● TASK REQUIREMENTS
After finding "2026 Toyota Tundra Platinum - Photo 18" in a line below, print that line and the rest of the lines exactly, leaving out all pictures.

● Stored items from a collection
▽

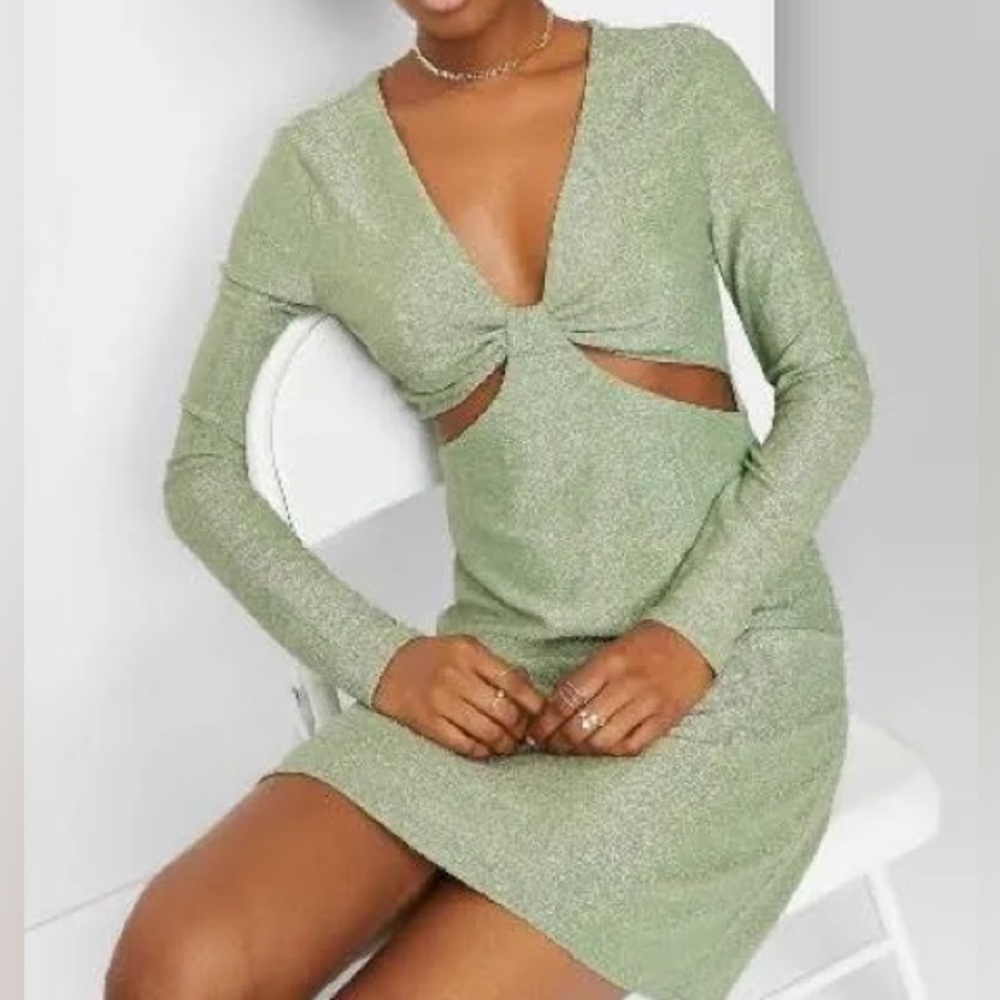 👗NWT Wild Fable Sage Green Shimmer Cut Out Dress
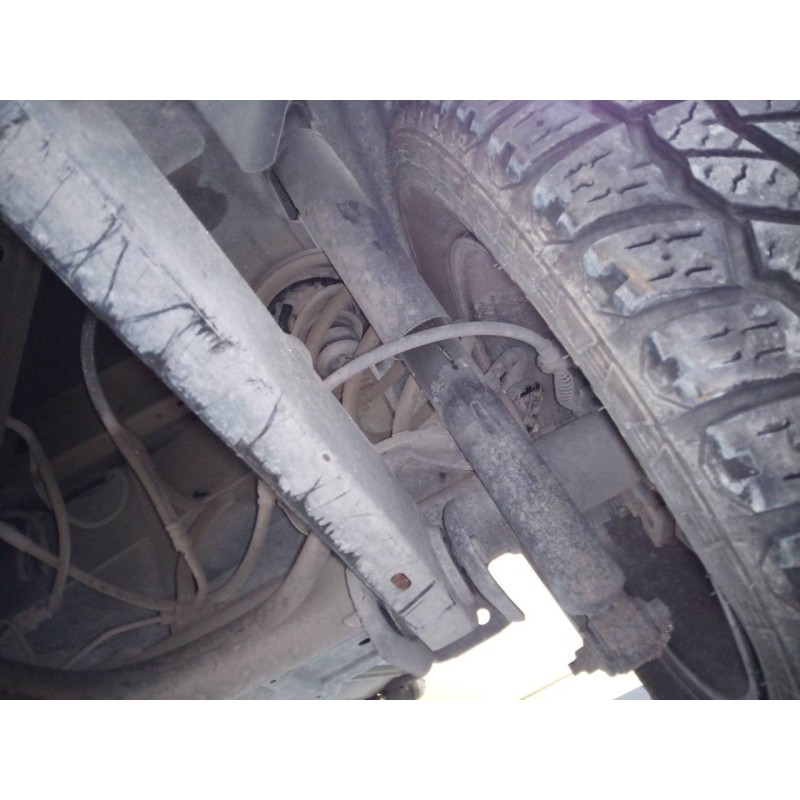 Recambio de amortiguador trasero izquierdo para chrysler jeep cherokee (kj) 2.8 crd limited referencia OEM IAM   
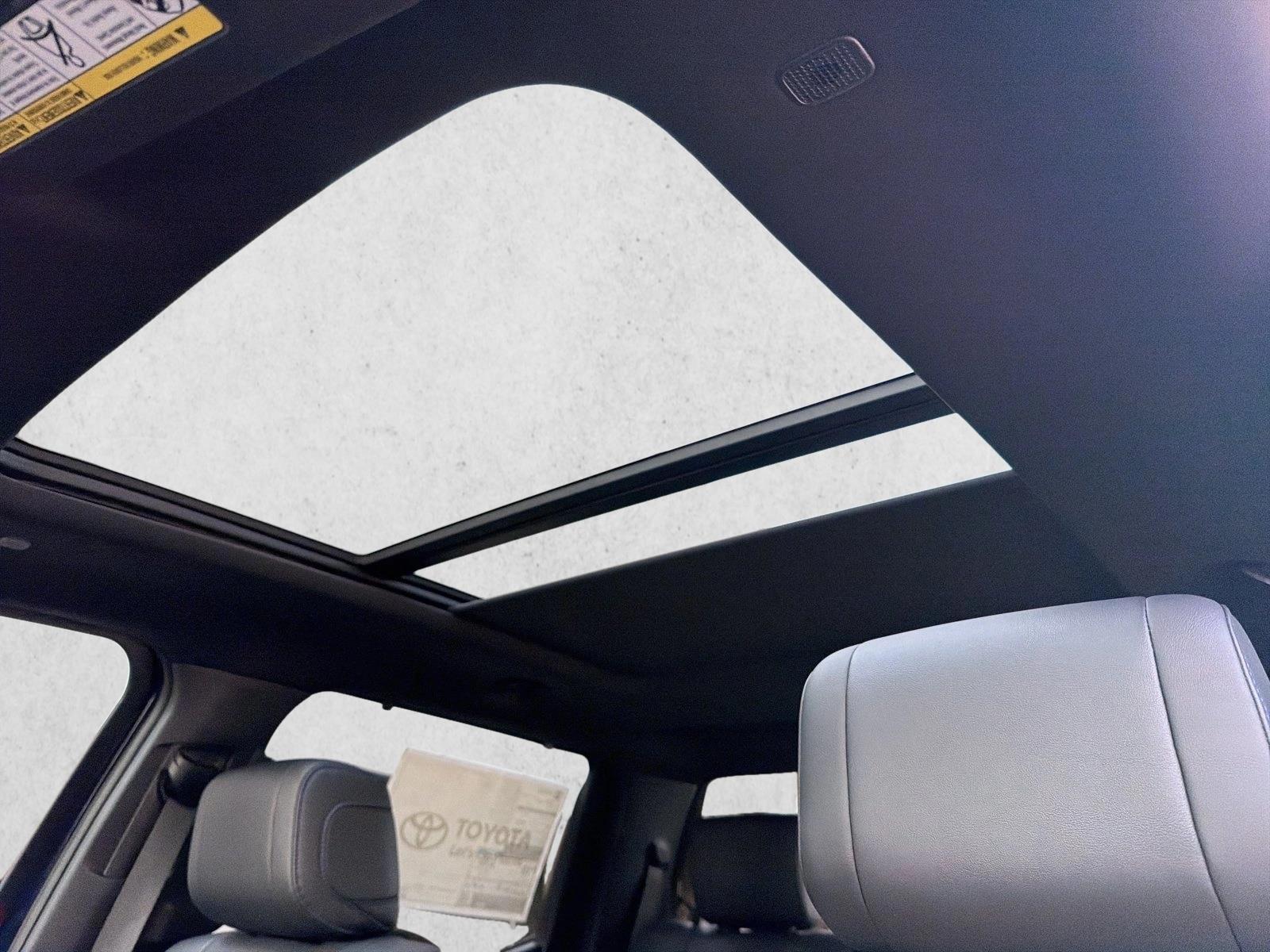 2026 Toyota Tundra Platinum - Photo 18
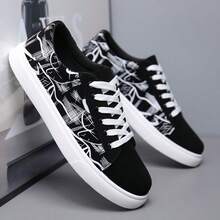 男士时尚休闲运动鞋，透气系带滑板鞋，适合日常休闲穿着和散步 - 黑與白 - 查看 3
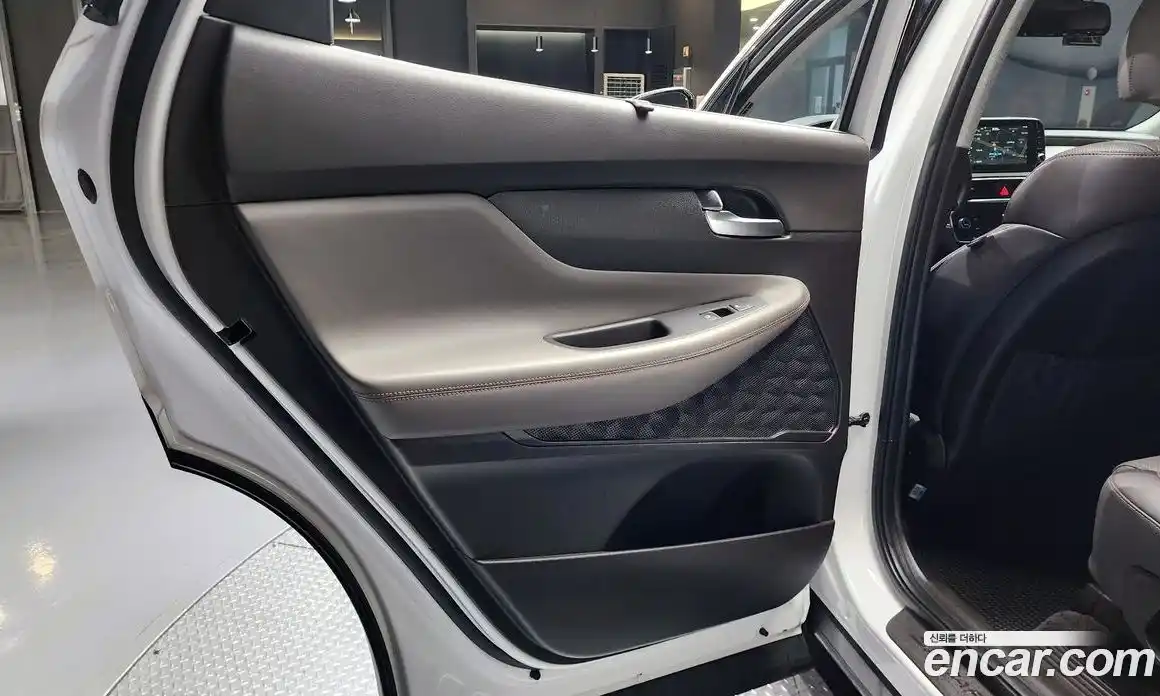 Hyundai Santa Fe 2019 2.0 автомат (гидро), фото 15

△

● ANSWER SPACE
 2026 Toyota Tundra Platinum - Photo 18
 男士时尚休闲运动鞋，透气系带滑板鞋，适合日常休闲穿着和散步 - 黑與白 - 查看 3
 Hyundai Santa Fe 2019 2.0 автомат (гидро), фото 15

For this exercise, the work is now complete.